Fang Chengnan, Wang Hui, Lin Zhikun, Liu Xinyu, Dong Liwei, Jiang Tianyi, Tan Yexiong, Ning Zhen, Ye Yaorui, Tan Guang, Xu Guowang
CAS Key Laboratory of Separation Science for Analytical Chemistry, Dalian Institute of Chemical Physics, Chinese Academy of Sciences, Dalian 116023, China.
University of Chinese Academy of Sciences, Beijing 100049, China.
Cancers (Basel). 2022 Jan 4;14(1):231. doi: 10.3390/cancers14010231.
Hepatocellular carcinoma (HCC) displays a high degree of metabolic and phenotypic heterogeneity and has dismal prognosis in most patients. Here, a gas chromatography-mass spectrometry (GC-MS)-based nontargeted metabolomics method was applied to analyze the metabolic profiling of 130 pairs of hepatocellular tumor tissues and matched adjacent noncancerous tissues from HCC patients. A total of 81 differential metabolites were identified by paired nonparametric test with false discovery rate correction to compare tumor tissues with adjacent noncancerous tissues. Results demonstrated that the metabolic reprogramming of HCC was mainly characterized by highly active glycolysis, enhanced fatty acid metabolism and inhibited tricarboxylic acid cycle, which satisfied the energy and biomass demands for tumor initiation and progression, meanwhile reducing apoptosis by counteracting oxidative stress. Risk stratification was performed based on the differential metabolites between tumor and adjacent noncancerous tissues by using nonnegative matrix factorization clustering. Three metabolic clusters displaying different characteristics were identified, and the cluster with higher levels of free fatty acids (FFAs) in tumors showed a worse prognosis. Finally, a metabolite classifier composed of six FFAs was further verified in a dependent sample set to have potential to define the patients with poor prognosis. Together, our results offered insights into the molecular pathological characteristics of HCC.

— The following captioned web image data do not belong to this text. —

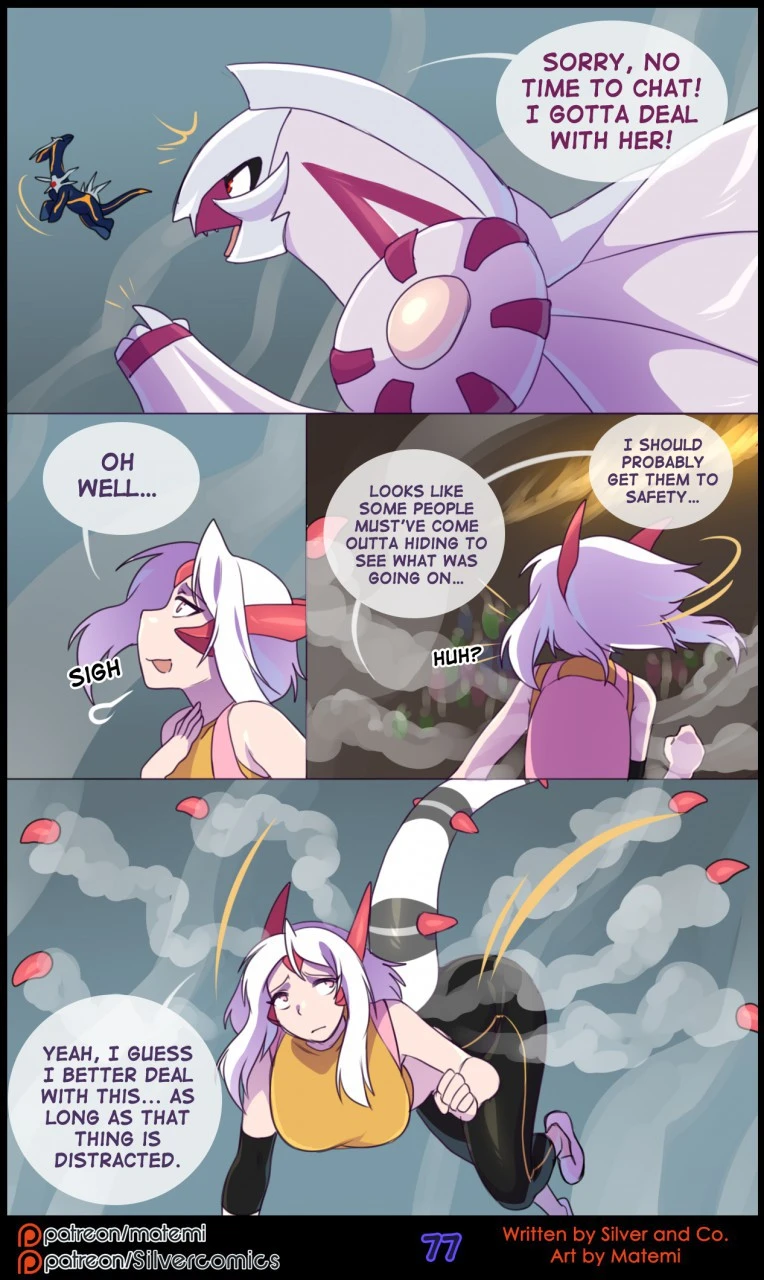 Silver Soul Volume 9: Temporal porn comic picture 79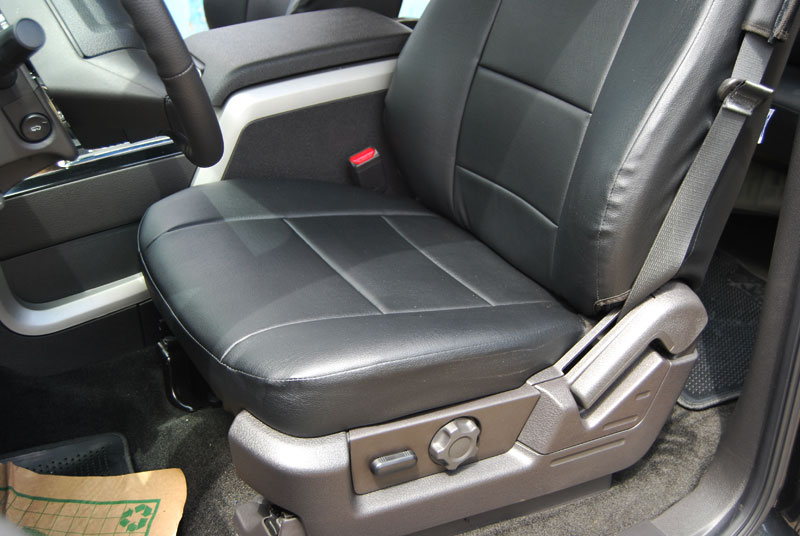 Ford Seat Covers on Ford F 150 2009 2012 S Leather Custom Seat Cover   Ebay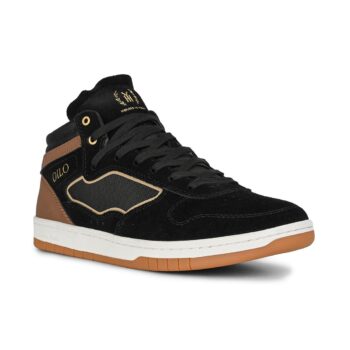 Hours Is Yours Dilo Pro Skate Shoes - Black/Brown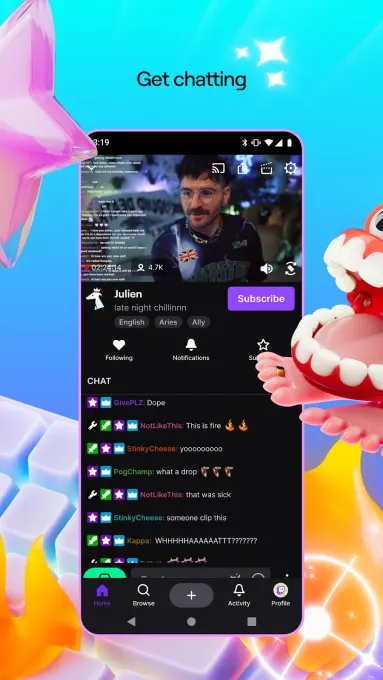 Twitch: Live Streaming screenshot 4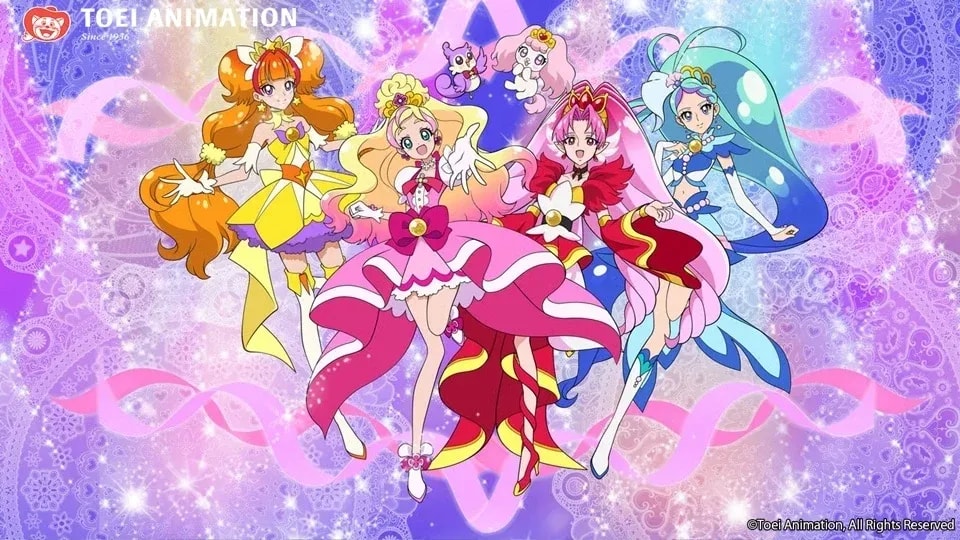 Go! Princess Precure Celebrates 10 Years: Special Streaming Event Announced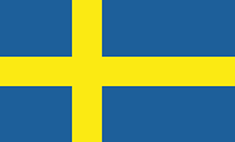 Sweden flag - medium - style 1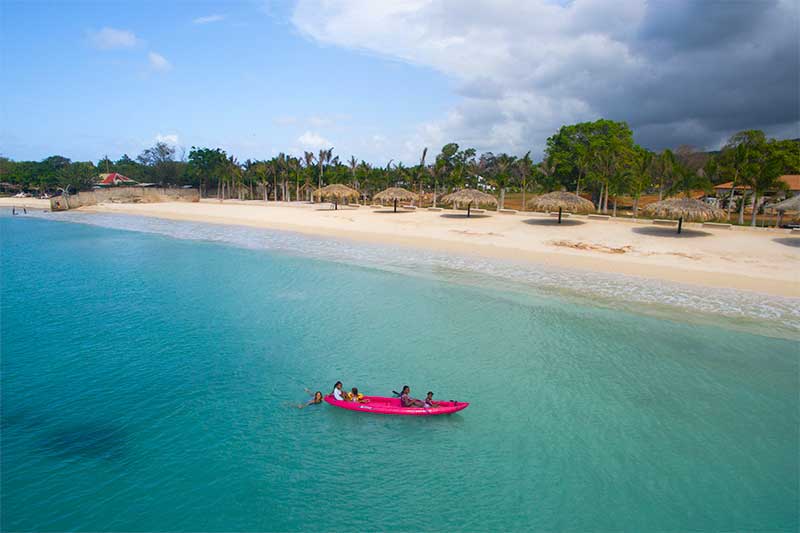 Puerto Seco Beach in Discovery Bay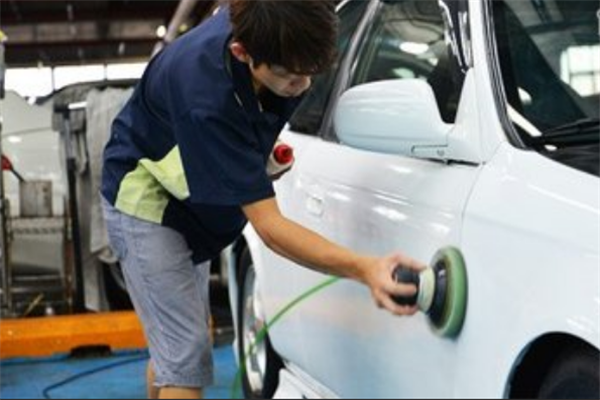 汽車美容洗車展示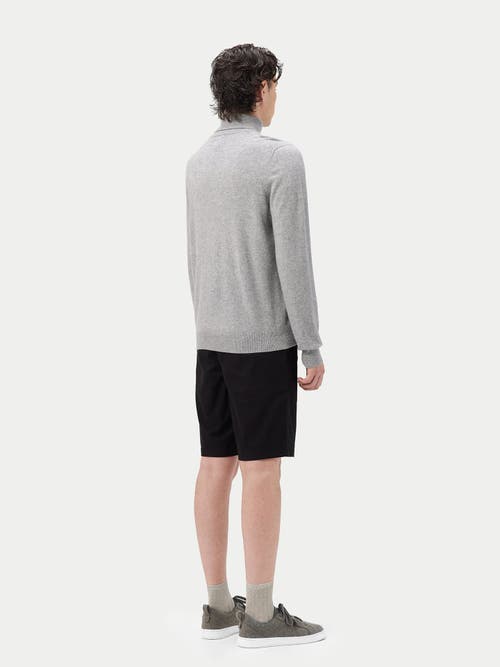 Shop Gobi Cashmere Turtle Neck In Vapor Blue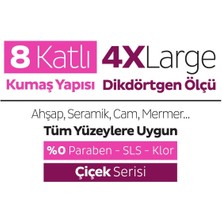Sleepy Easy Clean Lilyum Buketi Mopa Uyumlu Yer Temizlik Havlusu&mendili 3X20 (60 Yaprak)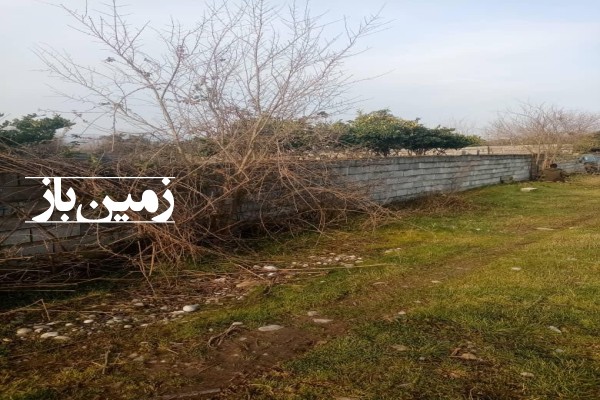 فروش زمین در شمال ۵۴۰ متر چمستان علی آباد-3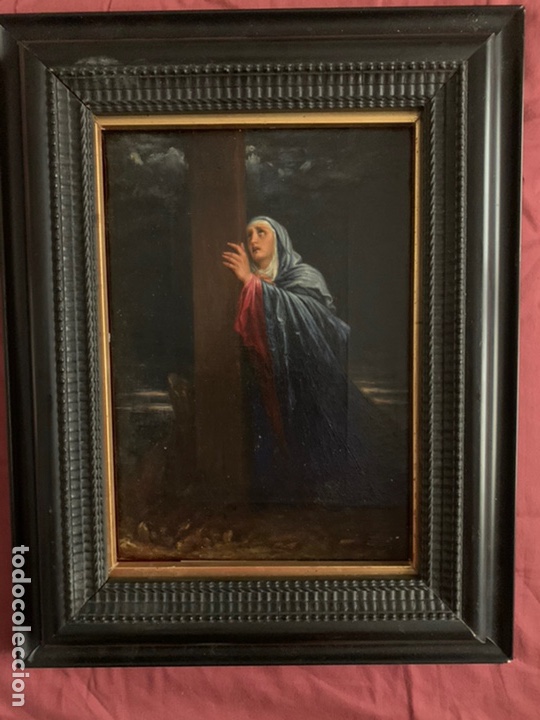Arte: Dolorosa oleo - Foto 4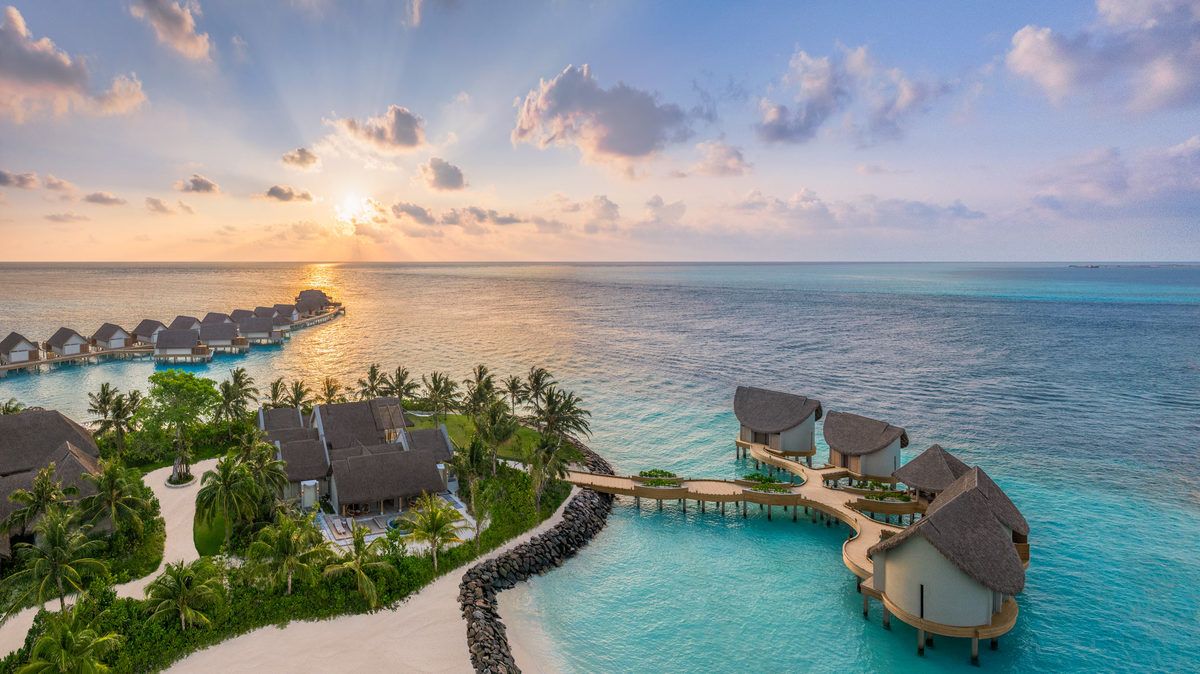 . JW Marriott Maldives Kaafu Atoll Island Resort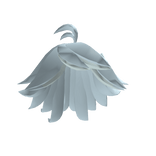 Pastel Dream Phantom Locks | Hair (White & Blue)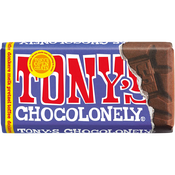 Tony's Chocolonely Donkere Melk Pretzel Toffee 90g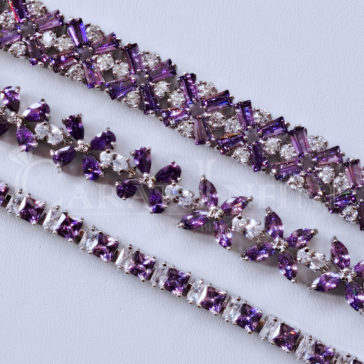 Carat Infini - Amethyst Fashion Jewelry Bracelets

肝细胞癌(HCC)表现出高度的代谢和表型异质性,大多数患者预后不佳。在此,应用基于气相色谱 - 质谱联用(GC-MS)的非靶向代谢组学方法,分析了130对来自HCC患者的肝细胞肿瘤组织及其配对的癌旁非肿瘤组织的代谢谱。通过配对非参数检验并进行错误发现率校正,比较肿瘤组织与癌旁非肿瘤组织,共鉴定出81种差异代谢物。结果表明,HCC的代谢重编程主要表现为糖酵解高度活跃、脂肪酸代谢增强以及三羧酸循环受抑制,这满足了肿瘤起始和进展所需的能量和生物量需求,同时通过对抗氧化应激减少细胞凋亡。利用非负矩阵分解聚类法,基于肿瘤组织与癌旁非肿瘤组织之间的差异代谢物进行风险分层。识别出三个具有不同特征的代谢簇,肿瘤中游离脂肪酸(FFA)水平较高簇的预后较差。最后,在一个独立样本集中进一步验证了由六种FFA组成的代谢物分类器,其具有定义预后不良患者的潜力。总之,我们的结果为HCC的分子病理特征提供了见解。